Abbie Hofman. El viaje desde el idealismo al delirio

Joshua Furst novela la vida del gran bufón y animador de la contracultura en Estados Unidos, narrada por un hijo que es a la vez su víctima y el guardián de su legado.

Los libros más queridos para cualquier lector son aquellos que hablan de otros libros, los que reviven y amplían antiguas lecturas o descubren nuevos tesoros. Revolucionarios, de Joshua Furst (Impedimenta), es una de esas obras. Las notas promocionales hablan de Pastoral americana, de Philip Roth, pero cada lector puede encontrar sus propios links en las estanterías de casa. Van dos ejemplos: El cuerpo en que nací, de Guadalupe Nettel, e Hija de revolucionarios, de Laurence Debray, son historias emparentadas con Revolucionarios. En los tres libros, un hijo de padres sesentayochistas cuenta sus infancias solitarias y sin reglas y su supervivencia casi milagrosa.

Un poco de memoria: el problema de los padres de Nettel en El cuerpo que habito era que la libertad sexual y la contracultura llegaban a la Ciudad de México y ellos no tenían la madurez necesaria para no empacharse con sus dulzuras. Eran alegres e irresponsables y un poco autodestructivos.

En cambio, el padre de Laurence Debray (Régis Debray, el famoso periodista francés que acompañó al Che Guevara en Bolivia) tenía problemas gravísimos para comunicarse con el mundo y para expresar emociones. Su fe religiosa en la revolución era una manera de mantenerse unido a la realidad, aunque eso significara abandonar a su hija en la indiferencia. Era un hombre mal preparado para la vida y hacía lo que podía para sobrevivir.

En Revolucionarios también hay un padre real, Abbie Hoffman, aunque su nombre aparezca disfrazado con el de Lenny Synder. Todo lo demás es reconocible: las camisas de barras y estrellas, su show en el Festival de Woodstock (interrumpió un concierto de The Who para dar un discurso y Pete Townshend lo sacó del escenario a golpes), sus gamberradas, sus detenciones, su papel en los disturbios de Chicago de 1968… Hoffman fue la sal de todas las revueltas políticas en Estados Unidos entre 1966 y 1973. El periodo que llevó el viaje del idealismo al delirio. Se suicidó en 1989, a los 52 años, por el método de tomar 150 píldoras contra el trastorno bipolar.

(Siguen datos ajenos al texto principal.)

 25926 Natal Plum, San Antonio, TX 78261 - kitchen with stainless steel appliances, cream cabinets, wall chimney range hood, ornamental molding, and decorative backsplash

En Revolucionarios, la historia de Snyder/Hoffman la cuenta el hijo del activista, un pobre crío al que dieron el nombre de Freedom pero que ruega que le llamen Fred. Vive precariamente en un pueblo del estado de Nueva York y sólo espera de la vida que los admiradores de su padre le dejen en paz. Hasta que alguien da con la tecla y Fred acepta contarle su historia como en un gran vómito de palabras. Revolucionarios está narrado con la forma de un largo discurso oral, caótico, doloroso y vivísimo.

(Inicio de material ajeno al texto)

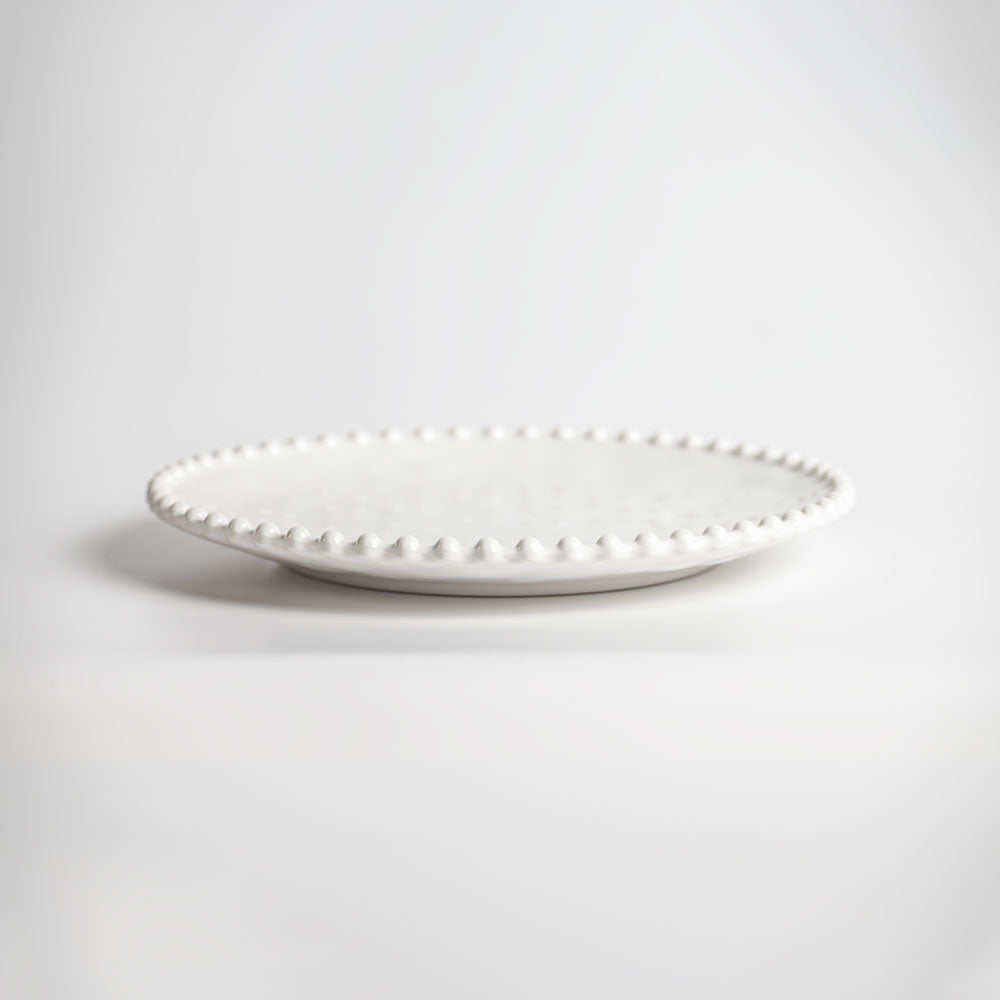 Cream colored, 8-inch round melamine salad plate, front view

¿Qué recuerda Fred? Lo primero y lo más importante, la ambigüedad de su padre, el hombre que debía encabezar la revolución moral de los 60 pero que, incluso en el momento de mayor inocencia, también fue un pequeño cínico. De Snyder/Hoffman aprendemos que fue un judío neoyorquino de clase media (casi pobre) al que echaron del equipo de baloncesto de su universidad por apostar y manipular sus partidos. Cayó en el Village sin gran cosa que hacer y se encontró con los primeros hippies. Snyder se divertía con ellos: los arengaba, les inventaba gamberradas, les sacaba dinero para drogas, se acostaba con las chicas, los manipulaba un poco y los radicalizaba. Conocía a famosos (Allen Ginsberg, Phil Ochs) y lo detenían en todas partes, pero ésa era parte del juego. A sus espalda se burlaba de sus admiradores y los trataba de pijos de Columbia con mala conciencia pero, qué más da. Había descubierto su talento y podía vivir muy bien de él. Era un genio de la algarada, era un líder.

Algunos momentos de gloria: el día en el que entró en la Bolsa de Nueva York, subió a un palco que se asomaba a la sala de contrataciones y se dedicó a lanzar billetes al aire (los agentes de bolsa respondieron como pollitos a los que lanzan maíz). Otro día llenó de ratas los salones del Hotel Hyatt.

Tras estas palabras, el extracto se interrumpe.